Causal Network Visualization

The fundamental questions raised in a tumour board are:

  1. what kind of treatment may improve the patient’s health, and

  2. what kind of treatment the patient can tolerate.

To help oncologists to explore the data involved with these questions, we designed a diagram that reads from left to right, showing at least:

  1. the existing samples,

  2. the detected alterations,

  3. the actionable drugs,

  4. the foreseen side-effects.

This diagram takes the form of a network, where the nodes are the object of interest, and the directed edges figures the evidences that links one object to another. Those evidences are drawn as arrows, which displays both the strength of the evidence and its uncertainty. To that end, we use a visual grammar 1 which have been proven to maximize the efficiency of interpretation for visual representation of causes and effects:

  • causal relationships are figured by arrows linking state nodes,

  • the “strength” of the relationship is figured by the width of the arrow,

  • the “certainty” of the relationship is fugured by the opacity and the fuzziness of the drawing (the more uncertain, the more transparent and blurred).

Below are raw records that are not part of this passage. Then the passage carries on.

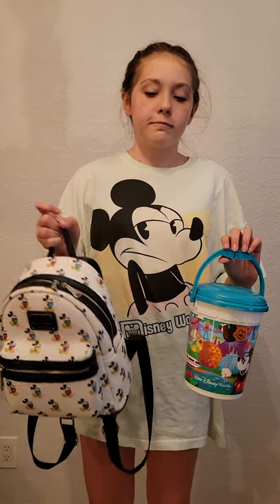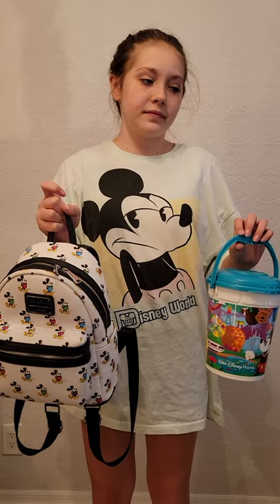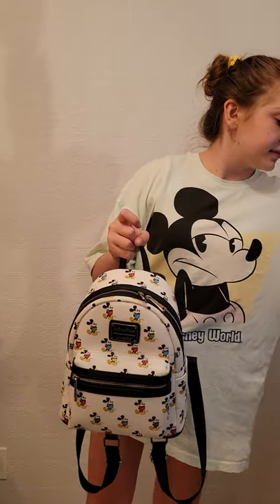So you have a backpack and you have a reusable popcorn bucket. Let's see how we handle carrying both of these around the park without being annoying. So your backpack — Loungefly is a great size for your teenagers.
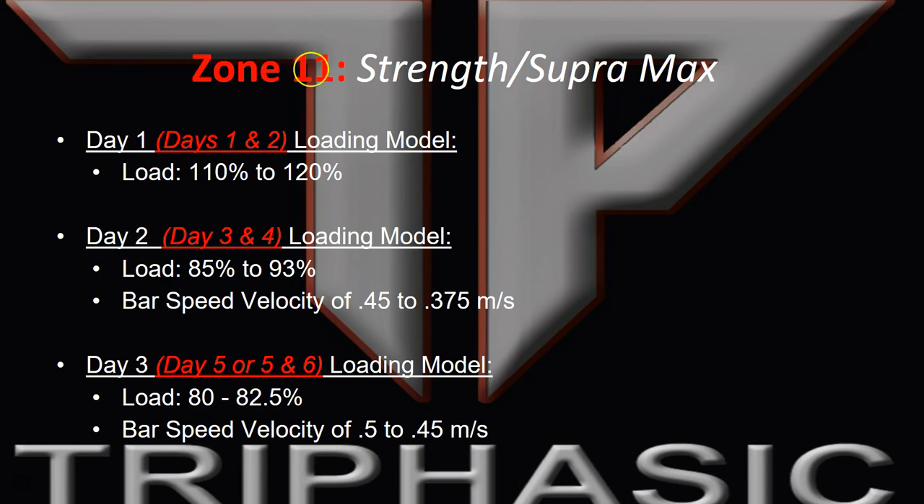On the day loading models for a five-day plan and a six-day plan, days one and two are at the supermaximal. I don't do upper body loading for most of my team sports — only extremely experienced athletes could handle that. Days three and four follow an 85% to 93% load, with the same bar speed velocities. Days five and six, on the five-day plan, I'll do 80 to 82%, upper and lower together, and the same speed whether it's a squat or a bench.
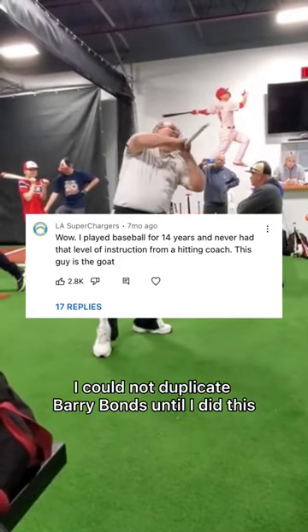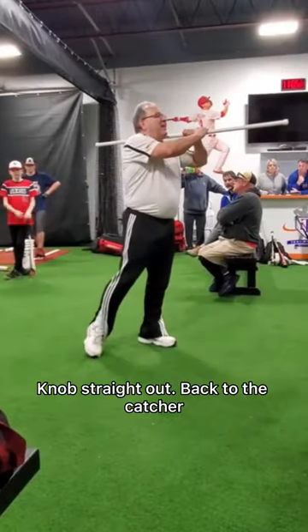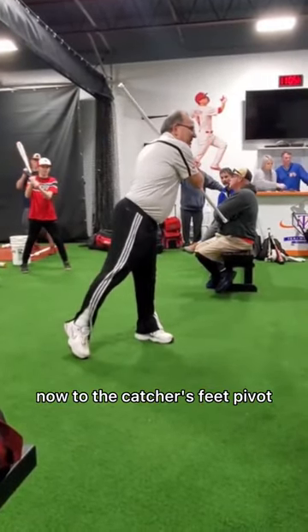Trust me, I don't lose money. I could not do the Mayberry Bonds until I did this. Now I'm straight out, back to the catcher, down to the catcher's feet, pivot.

Additionaly, the graph is shaped to be read from the left to the right, with nodes grouped on columns evenly spread, so as to ease the reading.

To read more about the underlying concept of Bayesian networks, see the backend’s documentation of the Explainer widget.

Widget architecture

The widget Oncoview() is a :class:`LitElement`_ which fetch its data from the “explainer/networks” API entrypoint. The expected data is a JSON graph encoding a directed graph, as a list of nodes and a list of links. Each link holds a “strength” and a “certainty” data field. See the backend’s documentation for the detail of the graph data structure.

The visualization is dnawn using a Scalable Vector Graphic (SVG) object right within the page. The drawGraph() is called when the widget is rendered and is in charge of adding the SVG objects figuring node labels and link arrows. Nodes and links are grouped within SVG groups. All SVG objects have CSS class, “link” for arrows, and “label-box” for nodes.

Nodes are drown by the drawColumn() function, which proceed column by column, evenly spreading the labels on each vertical axis.

Arrows are drawn by the drawLinks() function, as a rotated paths. Their colors is adjusted to the strength of the link through opacity and their certainty through the SVG blur filter.

Notes and References

1

Bae, J., Ventocilla, E., Riveiro, M., Helldin, T., & Falkman, G., Evaluating Multi-Attributes on Cause and Effect Relationship Visualization. Proceedings of the 12th International Joint Conference on Computer Vision, Imaging and Computer Graphics Theory and Applications (VISIGRAPP 2017), Volumne 3: IVAPP, 64–74, 2017.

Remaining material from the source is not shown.